Connected to employment
The FWC noted that Westpac’s behavioural policies stated that they applied both in and out of work settings, although each applied to slightly differing extents. While the staff present for the First Incident were not in uniform, and the event was no longer an official Westpac event, they were there in the course of their employment.
Even though Mr Keron had no working relationship with Witness A or Ms Smith, the FWC was satisfied that the First Incident had sufficient connection to the workplace to form a valid reason for dismissal.
However, the Second Incident took place after the employees left the site of the work function. As Ms Smith and Mr Keron were previously unknown to each other, had parted from their colleagues, and were not wearing anything to identify them as Westpac employees, the FWC was not satisfied that the Second Incident had sufficient connection to Mr Keron’s employment to form a valid reason for dismissal.

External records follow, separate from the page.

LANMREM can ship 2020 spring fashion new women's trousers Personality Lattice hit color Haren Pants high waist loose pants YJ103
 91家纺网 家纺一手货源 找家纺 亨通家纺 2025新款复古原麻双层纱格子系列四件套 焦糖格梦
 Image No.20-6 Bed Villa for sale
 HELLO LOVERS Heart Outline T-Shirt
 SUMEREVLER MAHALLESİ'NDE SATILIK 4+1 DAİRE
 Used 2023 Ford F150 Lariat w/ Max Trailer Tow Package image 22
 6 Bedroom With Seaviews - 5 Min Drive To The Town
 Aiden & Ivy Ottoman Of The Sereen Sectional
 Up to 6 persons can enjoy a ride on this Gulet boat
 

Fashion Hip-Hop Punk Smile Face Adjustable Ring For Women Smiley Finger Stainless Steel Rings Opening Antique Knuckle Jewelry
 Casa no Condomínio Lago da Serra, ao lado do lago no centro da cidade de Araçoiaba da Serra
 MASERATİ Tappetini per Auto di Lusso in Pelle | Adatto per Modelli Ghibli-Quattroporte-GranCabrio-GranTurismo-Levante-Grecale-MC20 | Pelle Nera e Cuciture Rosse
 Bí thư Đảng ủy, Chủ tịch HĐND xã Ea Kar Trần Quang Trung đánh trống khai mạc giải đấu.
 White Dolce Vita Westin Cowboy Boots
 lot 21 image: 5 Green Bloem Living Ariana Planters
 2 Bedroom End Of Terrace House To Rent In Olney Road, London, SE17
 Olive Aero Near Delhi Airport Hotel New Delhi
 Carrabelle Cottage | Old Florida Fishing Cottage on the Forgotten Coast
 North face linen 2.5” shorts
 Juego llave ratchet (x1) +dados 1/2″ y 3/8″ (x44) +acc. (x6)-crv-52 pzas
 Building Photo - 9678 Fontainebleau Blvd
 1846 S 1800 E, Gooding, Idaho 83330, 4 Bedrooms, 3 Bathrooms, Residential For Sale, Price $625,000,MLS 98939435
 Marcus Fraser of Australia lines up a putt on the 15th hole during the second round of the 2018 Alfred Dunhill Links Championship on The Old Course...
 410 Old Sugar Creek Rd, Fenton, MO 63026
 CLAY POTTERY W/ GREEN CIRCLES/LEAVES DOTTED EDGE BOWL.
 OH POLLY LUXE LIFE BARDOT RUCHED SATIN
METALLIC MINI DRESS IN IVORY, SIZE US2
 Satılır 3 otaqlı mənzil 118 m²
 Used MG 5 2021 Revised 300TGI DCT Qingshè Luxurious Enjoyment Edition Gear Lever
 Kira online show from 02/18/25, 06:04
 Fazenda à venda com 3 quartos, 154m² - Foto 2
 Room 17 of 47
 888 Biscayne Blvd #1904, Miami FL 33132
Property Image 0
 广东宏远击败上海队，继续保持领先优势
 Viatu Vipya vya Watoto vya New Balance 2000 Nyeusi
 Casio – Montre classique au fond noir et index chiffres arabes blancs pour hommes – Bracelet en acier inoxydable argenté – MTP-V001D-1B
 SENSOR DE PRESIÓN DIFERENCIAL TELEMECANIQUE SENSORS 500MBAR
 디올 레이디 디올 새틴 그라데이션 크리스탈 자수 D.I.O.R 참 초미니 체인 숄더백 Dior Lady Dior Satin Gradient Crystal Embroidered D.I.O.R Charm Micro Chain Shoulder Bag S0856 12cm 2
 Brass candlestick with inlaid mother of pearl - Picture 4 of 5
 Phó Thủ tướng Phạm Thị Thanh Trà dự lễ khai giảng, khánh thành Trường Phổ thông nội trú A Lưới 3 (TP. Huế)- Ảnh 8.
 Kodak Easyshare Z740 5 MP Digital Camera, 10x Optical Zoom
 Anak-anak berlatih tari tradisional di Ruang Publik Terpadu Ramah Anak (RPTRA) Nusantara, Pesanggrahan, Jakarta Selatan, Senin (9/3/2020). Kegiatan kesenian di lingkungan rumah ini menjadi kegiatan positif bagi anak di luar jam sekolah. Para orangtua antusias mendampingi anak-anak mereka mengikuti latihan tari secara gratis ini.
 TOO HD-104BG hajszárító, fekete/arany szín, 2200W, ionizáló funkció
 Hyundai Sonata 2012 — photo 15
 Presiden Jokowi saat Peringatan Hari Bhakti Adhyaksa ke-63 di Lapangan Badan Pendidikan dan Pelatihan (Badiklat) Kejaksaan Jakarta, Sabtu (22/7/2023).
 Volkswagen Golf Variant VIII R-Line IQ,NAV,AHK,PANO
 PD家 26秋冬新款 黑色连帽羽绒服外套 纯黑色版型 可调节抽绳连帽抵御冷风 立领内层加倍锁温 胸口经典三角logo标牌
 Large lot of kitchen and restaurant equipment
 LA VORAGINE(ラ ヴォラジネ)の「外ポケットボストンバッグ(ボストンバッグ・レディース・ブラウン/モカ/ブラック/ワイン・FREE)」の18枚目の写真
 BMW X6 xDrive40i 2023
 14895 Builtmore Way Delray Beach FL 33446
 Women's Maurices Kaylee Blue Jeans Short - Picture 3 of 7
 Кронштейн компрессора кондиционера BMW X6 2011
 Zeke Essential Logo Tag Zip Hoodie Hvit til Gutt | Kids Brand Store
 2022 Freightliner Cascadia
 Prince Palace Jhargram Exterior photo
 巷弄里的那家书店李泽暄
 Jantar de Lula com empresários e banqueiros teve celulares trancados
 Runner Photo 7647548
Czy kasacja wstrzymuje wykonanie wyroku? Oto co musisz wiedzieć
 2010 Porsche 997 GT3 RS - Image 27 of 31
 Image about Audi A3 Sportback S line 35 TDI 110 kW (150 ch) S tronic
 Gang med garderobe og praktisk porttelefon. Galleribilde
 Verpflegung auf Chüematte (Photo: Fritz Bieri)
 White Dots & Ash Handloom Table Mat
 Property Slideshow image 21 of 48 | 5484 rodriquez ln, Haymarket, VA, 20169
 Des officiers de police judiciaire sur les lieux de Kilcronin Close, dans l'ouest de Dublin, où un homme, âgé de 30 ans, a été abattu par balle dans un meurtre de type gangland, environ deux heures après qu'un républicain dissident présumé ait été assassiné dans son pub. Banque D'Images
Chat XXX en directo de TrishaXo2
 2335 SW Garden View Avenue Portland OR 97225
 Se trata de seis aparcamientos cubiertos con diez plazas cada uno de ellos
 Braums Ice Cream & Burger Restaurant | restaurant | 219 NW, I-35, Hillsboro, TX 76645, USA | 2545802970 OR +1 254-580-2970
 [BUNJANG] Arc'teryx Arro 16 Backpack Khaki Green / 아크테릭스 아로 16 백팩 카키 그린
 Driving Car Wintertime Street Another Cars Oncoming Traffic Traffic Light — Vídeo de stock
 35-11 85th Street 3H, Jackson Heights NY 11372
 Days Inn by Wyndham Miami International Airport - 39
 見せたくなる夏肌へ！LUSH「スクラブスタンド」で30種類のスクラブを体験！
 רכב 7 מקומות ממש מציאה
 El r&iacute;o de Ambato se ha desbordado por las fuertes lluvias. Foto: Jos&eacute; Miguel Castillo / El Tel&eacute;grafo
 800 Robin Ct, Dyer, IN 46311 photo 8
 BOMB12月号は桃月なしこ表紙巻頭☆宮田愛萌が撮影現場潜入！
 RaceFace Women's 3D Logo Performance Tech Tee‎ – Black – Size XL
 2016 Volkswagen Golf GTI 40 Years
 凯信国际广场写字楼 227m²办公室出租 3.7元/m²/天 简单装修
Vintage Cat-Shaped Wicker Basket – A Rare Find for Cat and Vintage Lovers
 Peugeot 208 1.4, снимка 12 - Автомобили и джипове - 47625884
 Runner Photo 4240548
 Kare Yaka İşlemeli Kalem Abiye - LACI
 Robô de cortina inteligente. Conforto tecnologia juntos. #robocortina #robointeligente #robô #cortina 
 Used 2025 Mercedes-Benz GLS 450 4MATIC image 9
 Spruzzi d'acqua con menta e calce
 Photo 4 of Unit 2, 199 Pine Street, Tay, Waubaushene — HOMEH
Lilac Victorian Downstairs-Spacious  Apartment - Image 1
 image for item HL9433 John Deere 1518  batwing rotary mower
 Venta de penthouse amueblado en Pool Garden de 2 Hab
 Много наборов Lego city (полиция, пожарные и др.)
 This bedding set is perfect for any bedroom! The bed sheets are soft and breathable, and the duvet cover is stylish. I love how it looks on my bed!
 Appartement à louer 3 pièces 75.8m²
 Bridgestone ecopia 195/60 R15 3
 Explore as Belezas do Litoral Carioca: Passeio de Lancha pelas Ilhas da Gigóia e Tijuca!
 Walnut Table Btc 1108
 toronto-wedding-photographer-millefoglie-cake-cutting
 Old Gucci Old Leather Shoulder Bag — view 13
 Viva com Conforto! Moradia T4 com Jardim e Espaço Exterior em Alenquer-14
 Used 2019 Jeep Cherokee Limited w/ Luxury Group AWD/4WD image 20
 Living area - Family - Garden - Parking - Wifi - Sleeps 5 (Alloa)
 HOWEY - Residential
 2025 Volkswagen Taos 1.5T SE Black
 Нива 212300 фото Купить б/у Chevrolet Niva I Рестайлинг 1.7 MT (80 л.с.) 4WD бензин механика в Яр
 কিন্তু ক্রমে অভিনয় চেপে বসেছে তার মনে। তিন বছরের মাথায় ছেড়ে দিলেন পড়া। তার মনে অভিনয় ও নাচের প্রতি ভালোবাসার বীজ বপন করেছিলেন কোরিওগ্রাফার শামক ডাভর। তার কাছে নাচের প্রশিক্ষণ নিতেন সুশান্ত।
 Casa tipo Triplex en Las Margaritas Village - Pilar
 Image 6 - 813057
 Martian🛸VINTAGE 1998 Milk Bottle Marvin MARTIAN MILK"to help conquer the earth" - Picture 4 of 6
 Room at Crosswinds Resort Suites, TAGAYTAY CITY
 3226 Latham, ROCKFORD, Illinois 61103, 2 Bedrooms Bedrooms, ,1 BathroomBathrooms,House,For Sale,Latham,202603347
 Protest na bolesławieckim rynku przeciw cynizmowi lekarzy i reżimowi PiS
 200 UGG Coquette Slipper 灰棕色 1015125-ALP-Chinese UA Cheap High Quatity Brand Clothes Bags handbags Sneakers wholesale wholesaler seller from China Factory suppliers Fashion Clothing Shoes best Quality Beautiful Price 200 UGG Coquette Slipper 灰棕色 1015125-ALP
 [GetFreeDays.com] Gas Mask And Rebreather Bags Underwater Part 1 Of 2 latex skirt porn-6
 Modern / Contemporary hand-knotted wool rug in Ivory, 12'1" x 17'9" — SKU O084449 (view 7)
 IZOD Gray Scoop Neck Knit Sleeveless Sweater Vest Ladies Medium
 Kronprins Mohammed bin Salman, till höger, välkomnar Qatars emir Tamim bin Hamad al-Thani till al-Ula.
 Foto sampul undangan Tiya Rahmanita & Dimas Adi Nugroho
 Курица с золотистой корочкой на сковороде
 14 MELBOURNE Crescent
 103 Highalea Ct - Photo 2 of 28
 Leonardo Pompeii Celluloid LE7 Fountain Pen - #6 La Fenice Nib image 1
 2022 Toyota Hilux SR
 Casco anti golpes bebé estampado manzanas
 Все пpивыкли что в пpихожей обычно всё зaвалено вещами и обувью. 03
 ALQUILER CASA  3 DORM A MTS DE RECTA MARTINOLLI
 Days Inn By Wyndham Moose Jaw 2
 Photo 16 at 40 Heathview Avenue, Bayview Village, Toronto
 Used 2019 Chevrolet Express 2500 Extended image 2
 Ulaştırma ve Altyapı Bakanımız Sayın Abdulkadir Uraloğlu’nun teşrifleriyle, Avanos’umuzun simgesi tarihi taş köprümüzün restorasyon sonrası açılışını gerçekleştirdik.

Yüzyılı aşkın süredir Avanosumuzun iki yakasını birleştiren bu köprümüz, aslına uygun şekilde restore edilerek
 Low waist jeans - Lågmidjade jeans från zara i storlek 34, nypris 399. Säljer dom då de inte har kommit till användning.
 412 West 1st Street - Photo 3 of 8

Accordingly, the FWC was satisfied that Mr Keron’s dismissal was fair, but based only on the First Incident. The application was dismissed.
Take Home Messages
The FWC has stressed that allegations of unwelcome sexual contact between employees must always be taken seriously, particularly where there is a power imbalance between those involved. There is now a high bar as to what constitutes consent for physical and sexual interactions. Unwelcome sexual conduct will result in greater scrutiny and face higher standards than it may have in the past.
In addition, employers must consider whether inappropriate conduct has taken place in the course of employment before taking steps to terminate an employee’s employment. Factors including, but not limited to, the proximity to the workplace, the context in which the event occurred, the pre-existing working relationship between the parties involved, and the level to which the parties involved are identifiable as employees of the organisation are all important to consider.